The agency pointed out that its Culvert AOP program seeks to boost the health of fisheries by helping communities remove, repair, and redesign culverts and weirs – both engineered structures that impact the flow of water in rivers and streams.
FHWA said barriers to freshwater migration are a major cause of declining populations of anadromous fish – such as native salmon, steelhead, river herring and lamprey – which are born in freshwater waterways, live primarily in the ocean, but return to freshwater streams to spawn.
“This first round of culvert grants will improve resilience and reduce maintenance at these waterway crossings while providing ecological, cultural and conservation benefits to communities receiving grants,” noted FHWA Administrator Shailen Bhatt in a statement.
“The program’s many benefits to the natural environment will spill over into local economies that depend on growing fish populations to sustain tribal and local communities across the nation,” he said.
Several state departments of transportation are receiving funds from this round of FHWA Culvert AOP grants, including the Maine Department of Transportation, which will receive $9.2 million to replace nine barriers at road crossings in historic coastal fishing communities, which qualify as disadvantaged and underserved communities.

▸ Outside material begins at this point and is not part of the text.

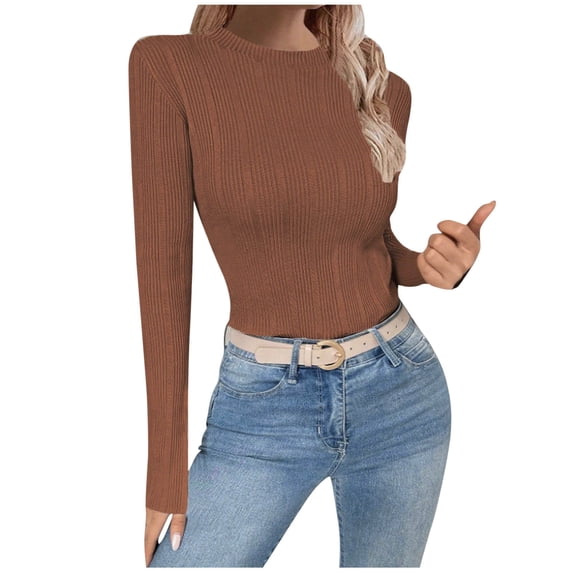 Enjoytime Women Blouses Round Neck Solid Color Long Sleeve Shirts Business Work Casual Basic Tops Fall Winter Fashion Clothing 2025 Coffee S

Replacing these barriers will improve access to 37 miles of habitat for fish and will also benefit fish species that are culturally important to the five federally recognized Native American tribes residing in Maine, FHWA said.
The agency noted that there are roughly 68 million culverts carrying roadways that were built with design approaches dating from the 1950s, which did not consider the needs of aquatic organisms to move up and downstream.
The Culvert AOP Program represents a change in the state of practice toward a “transformative and more holistic approach” to water crossings, the agency said; a change that should result in “more robust fish populations” that are critical to local economies and Native communities, as well as creating safer, more resilient structures, FHWA pointed out.